▶ [EXERCISE]: In the copy, keep every line below as it is and leave out the pictures.

▶ [RAW DATA]:
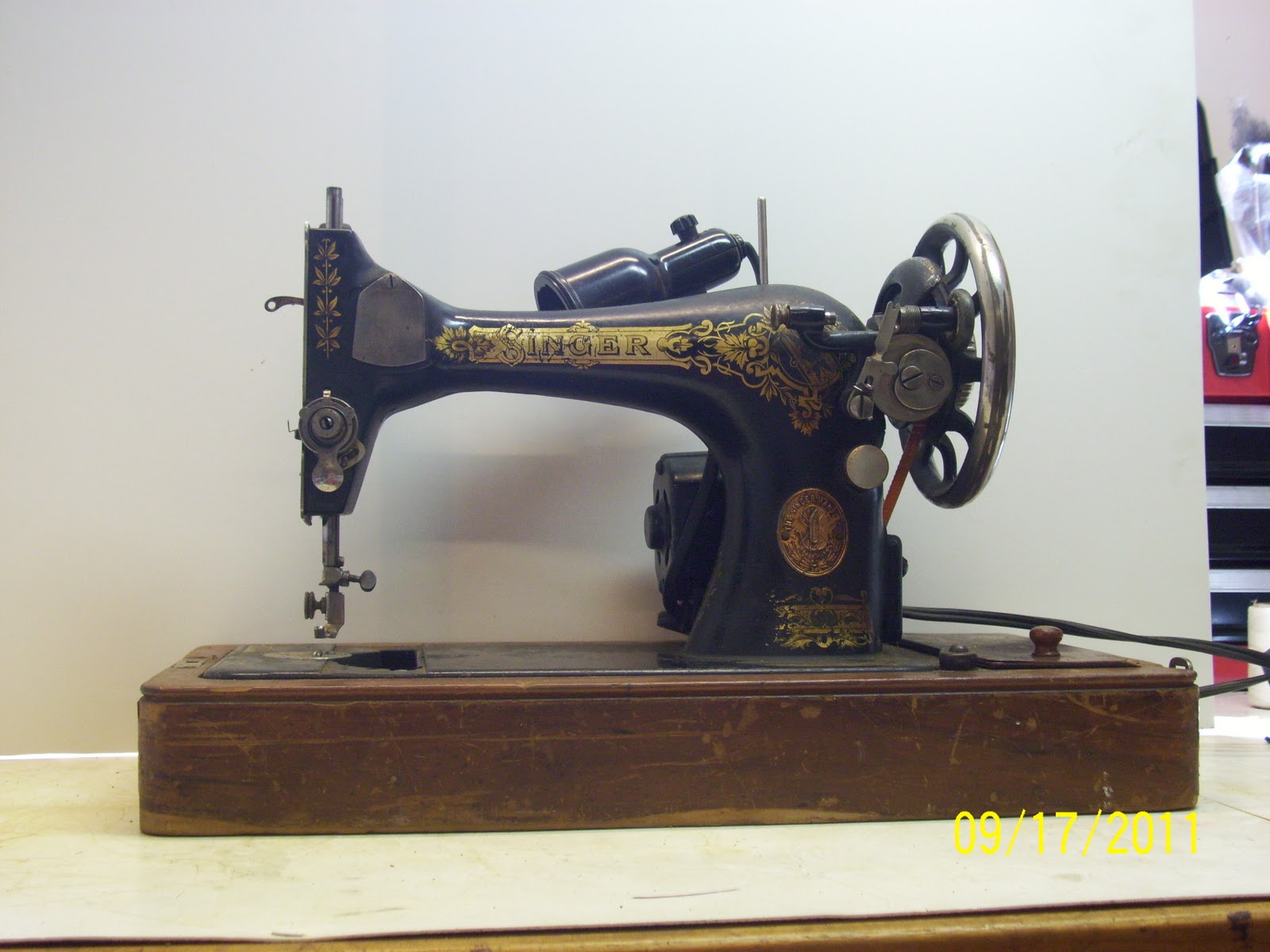 My Sewing Machine Obsession Next Project Singer 128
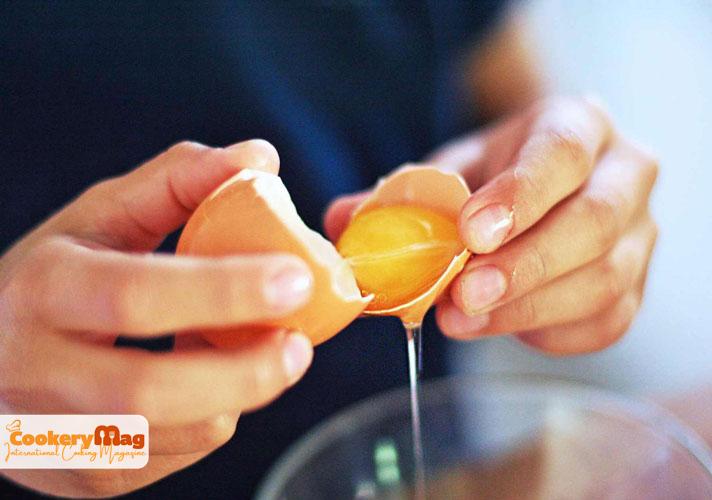 separate eggs yolk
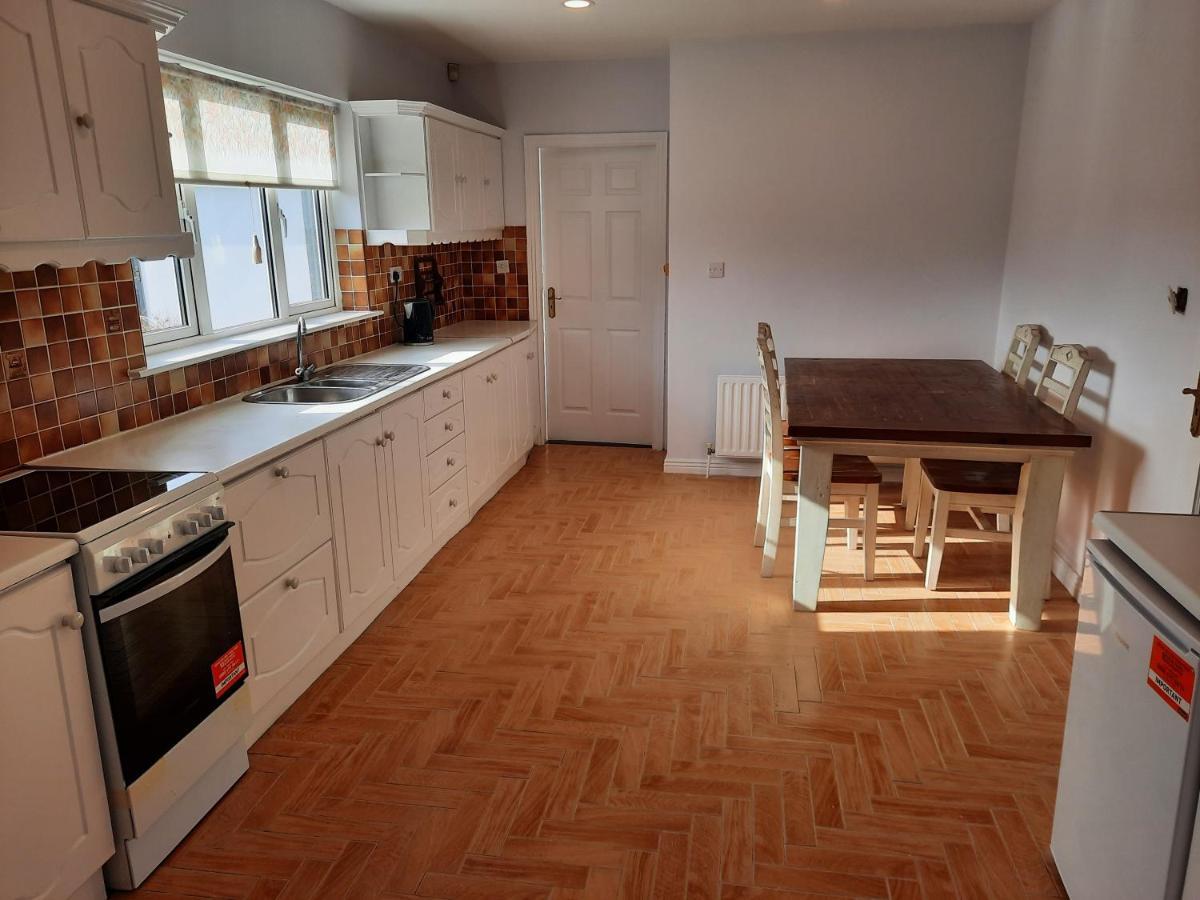 4 Bedroom, 15 Min To Limerick City Quiet Retreat. Exterior photo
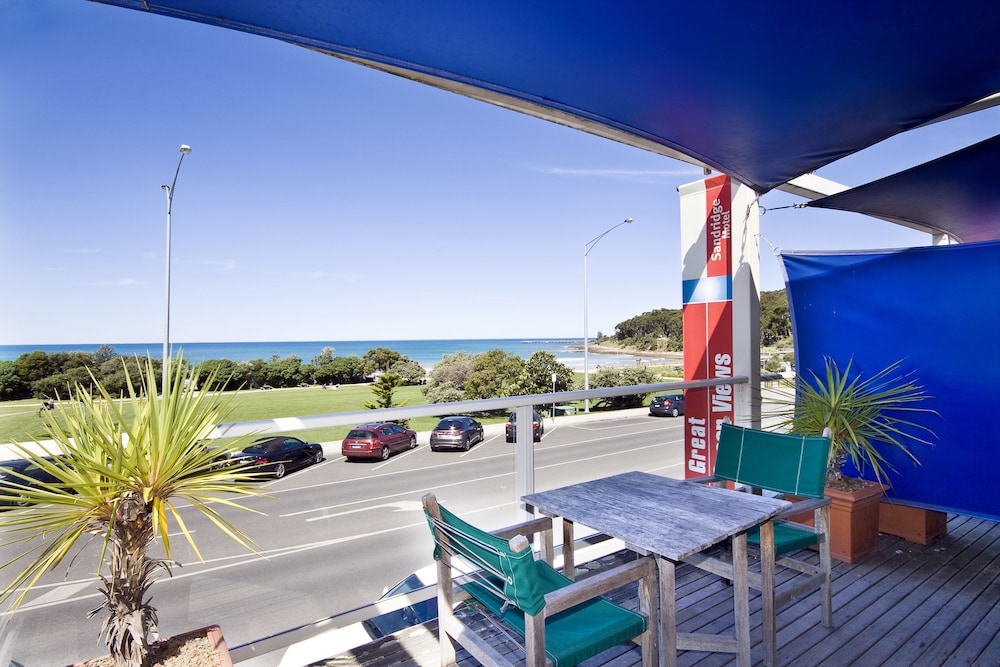 Hotel Sandridge Motel And Lornebeach Apartments 44/58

▶ [ANSWER FOR THIS EXERCISE]:
 My Sewing Machine Obsession Next Project Singer 128
 separate eggs yolk
 4 Bedroom, 15 Min To Limerick City Quiet Retreat. Exterior photo
 Hotel Sandridge Motel And Lornebeach Apartments 44/58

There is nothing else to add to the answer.